Shurijo Castle is a monumental fortress sitting on top of a hill overlooking the Okinawan capital, Naha. It was home to generations of Ryukyu kings, who ruled over Japan’s southwestern islands for nearly 450 years. Admire the impressive architecture, discover artifacts and learn about the castle’s fascinating history.
The original castle is believed to have been built at the end of the 14th century. Since that time, it has been ravaged by warfare and fires, and it was completely destroyed during World War II. The castle was reconstructed from photographs and records, and reopened to the public in 1992.
Enter the castle complex through a series of impressive gates, including Kankaimon Gate, with its two stone lions, and the ornate Houshinmon Gate. Stand in the Una Forecourt at the center of the castle, which once hosted many rituals and ceremonies.
Survey the lavish decorations of the Seiden, the three-story State Hall where the royal family once lived. This large wooden building is painted in vermilion and gold, and features many decorative carvings. Inside, see replicas of the king’s throne and crown.
Visit the Nanden (South Hall) to see pictures, paintings and calligraphy from the days of the Ryuku Kingdom. Learn about the history of the castle and its residents from the information panels in the Hokuden (North Hall). Visit Shoin Sasunoma, the administrative building where the king conducted daily affairs of state. Sit among the cycads and pine trees in the restored garden.

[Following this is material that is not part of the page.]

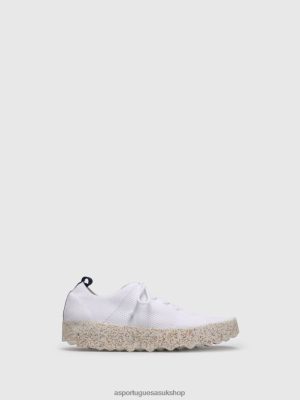 Asportuguesas LACE-UP TRAINERS CODE WHITE - Asportuguesas UK Shop 4PD2J11 Women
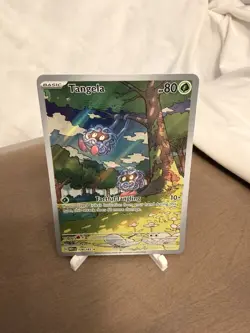 🧶🔥Tangela 178/165 Illustration Rare Scarlet & Violet 151 Pokemon Card Mint NM - Image 1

Shurijo Castle is open daily except for the first Wednesday and Thursday of July. Admission charges apply with discounts for high school students. Children under six enter free.
Located in Naha, the castle is easily reached by bus or car from the city. If you arrive by car, park in the metered underground lot. Shurijo Castle is surrounded by the grounds of Shurijo Castle Park, so leave some time to explore its historic sites, including temples and a 16th-century pond.